Excerpts from a dataset
== Segment start ==

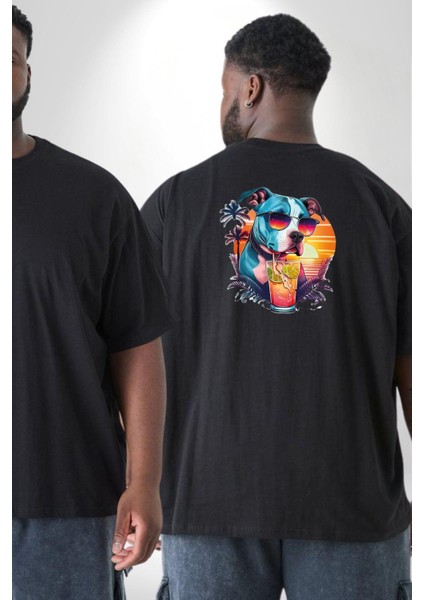 Tatil Köpek Soğuk Kokteyl Içeçek Büyük Beden Siyah Tişört Kadın Erkek Ünisex Sırt Baskılı fiyatları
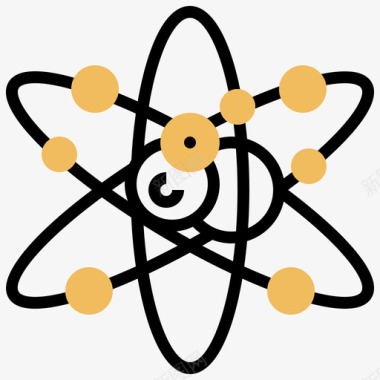 阴影字原子生物化学24黄色阴影图标
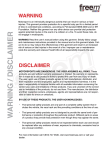 W ARNING / DISCLAIMER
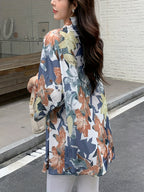 Floral Print Open Front Shirt, Casual Long Sleeve Blouse for Spring & Fall, Women's Clothing - Multicolor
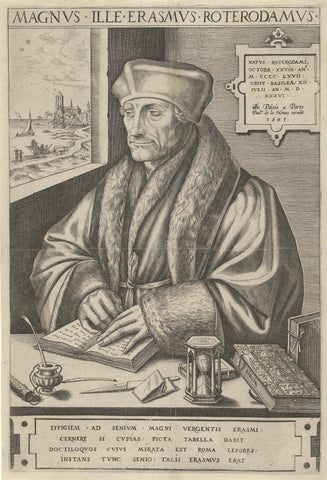 Portrait of Desiderius Erasmus, Frans Huys, 1601 Canvas Print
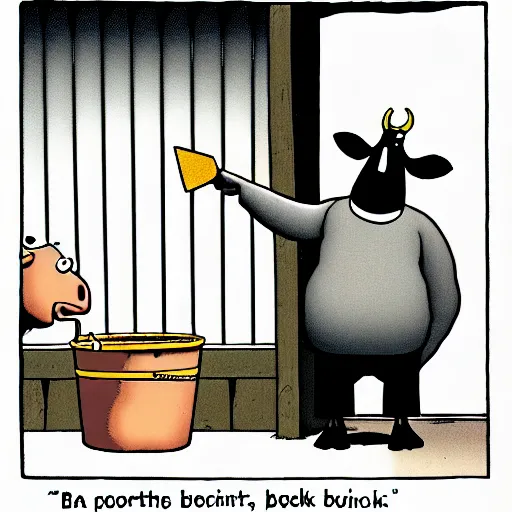 Prompt: a cow points at a bucket, illustrated by gary larson, far side comic, b & w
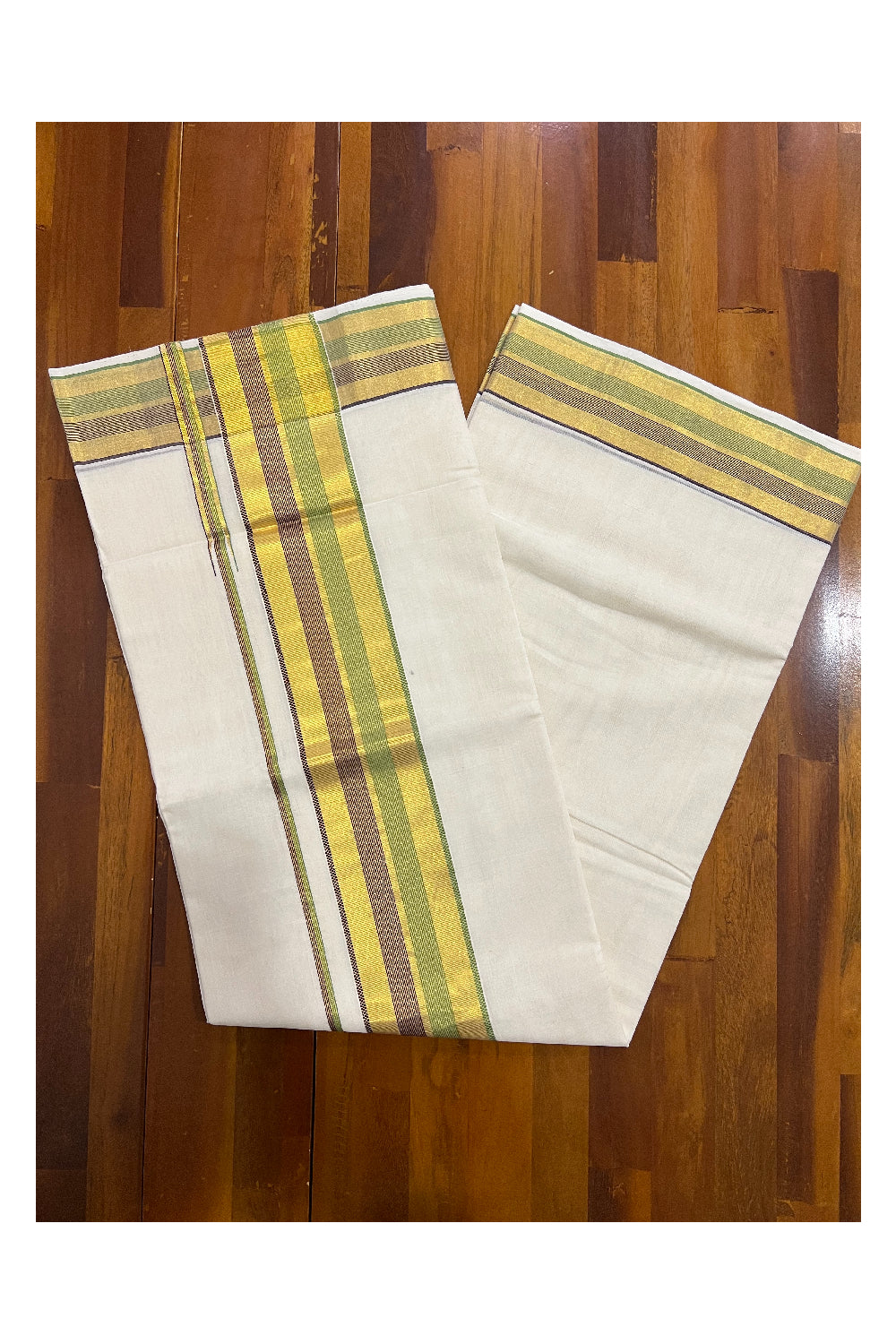 Southloom™ Premium Handloom Kerala Saree with Kasavu Brown and Light Green Border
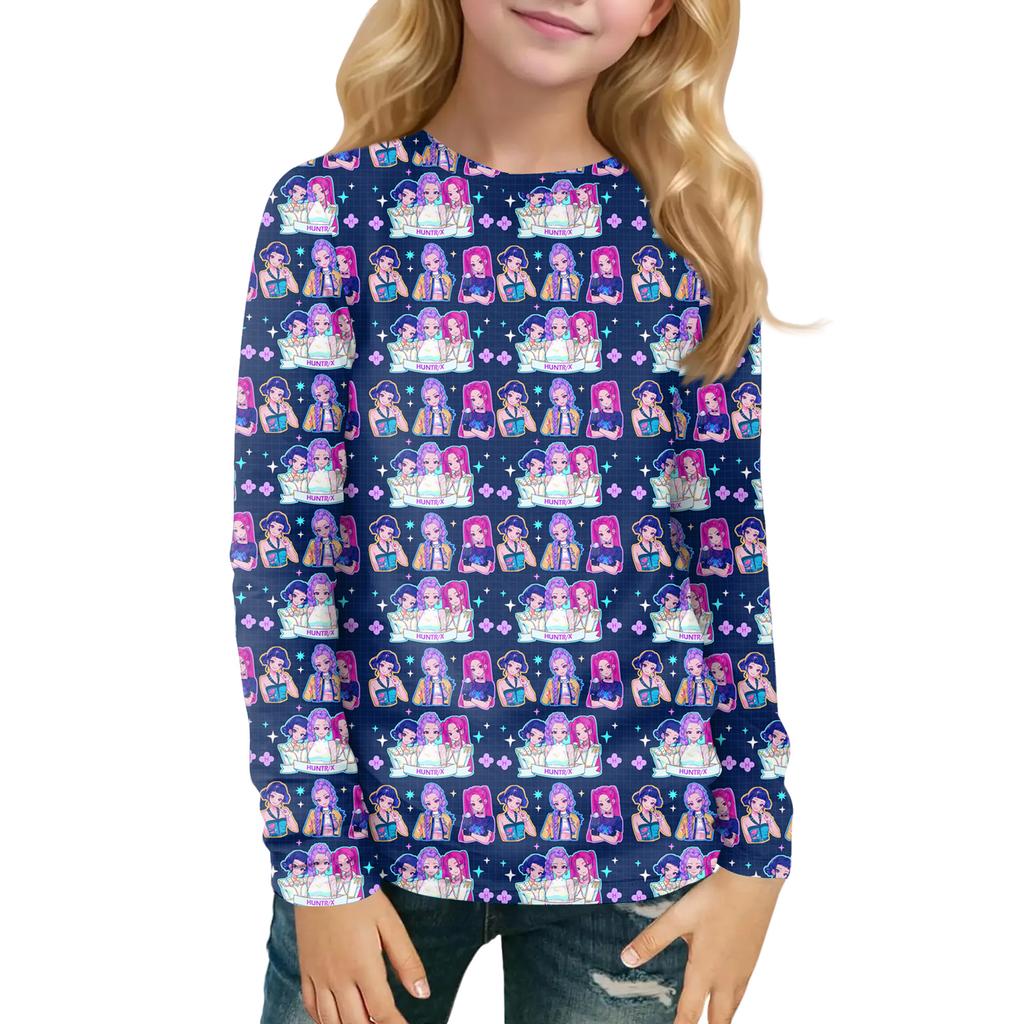 Children's Witch  Printed Long Sleeved Round Neck Top With Floral Print For Daily Casual T-shirt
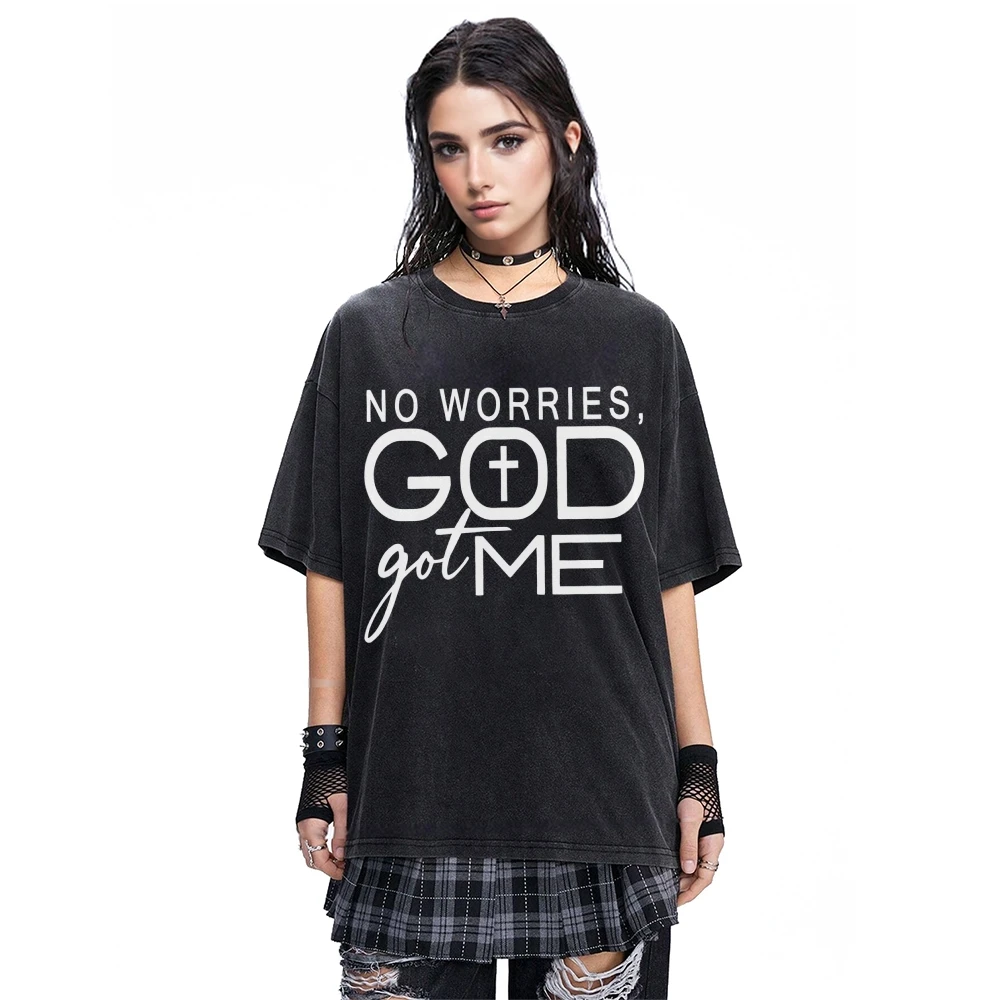 

No Worries God Got Me Футболка с принтом букв и круглым вырезом Повседневный топ с короткими рукавами Женские летние хлопковые свободные футболки с рисунком Y2K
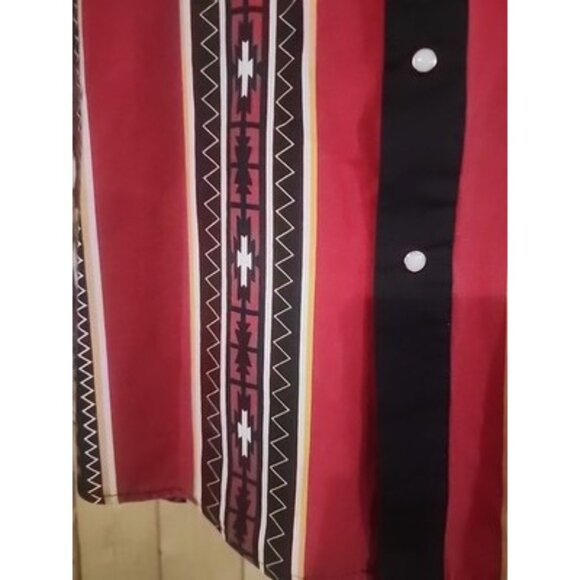 VTG Steer West Western Pearl Snap Down Long Sleeve Shirt Size L Red Black Navajo - Picture 5 of 15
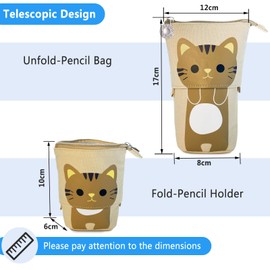 Senbaler Pencil Case with Zip, Telescopic, 2-in-1 Pencil Case and Pen Holder for Girls, Boys, Teenagers, yellow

== Segment end ==

• **PROBLEM DESCRIPTION**
Leave the pictures out and print the records above exactly as they stand.

• **EXERCISE ANSWER**
 Tatil Köpek Soğuk Kokteyl Içeçek Büyük Beden Siyah Tişört Kadın Erkek Ünisex Sırt Baskılı fiyatları
 阴影字原子生物化学24黄色阴影图标
 W ARNING / DISCLAIMER
 Floral Print Open Front Shirt, Casual Long Sleeve Blouse for Spring & Fall, Women's Clothing - Multicolor
 Portrait of Desiderius Erasmus, Frans Huys, 1601 Canvas Print
 Prompt: a cow points at a bucket, illustrated by gary larson, far side comic, b & w
 Southloom™ Premium Handloom Kerala Saree with Kasavu Brown and Light Green Border
 Children's Witch  Printed Long Sleeved Round Neck Top With Floral Print For Daily Casual T-shirt

No Worries God Got Me Футболка с принтом букв и круглым вырезом Повседневный топ с короткими рукавами Женские летние хлопковые свободные футболки с рисунком Y2K
 VTG Steer West Western Pearl Snap Down Long Sleeve Shirt Size L Red Black Navajo - Picture 5 of 15
 Senbaler Pencil Case with Zip, Telescopic, 2-in-1 Pencil Case and Pen Holder for Girls, Boys, Teenagers, yellow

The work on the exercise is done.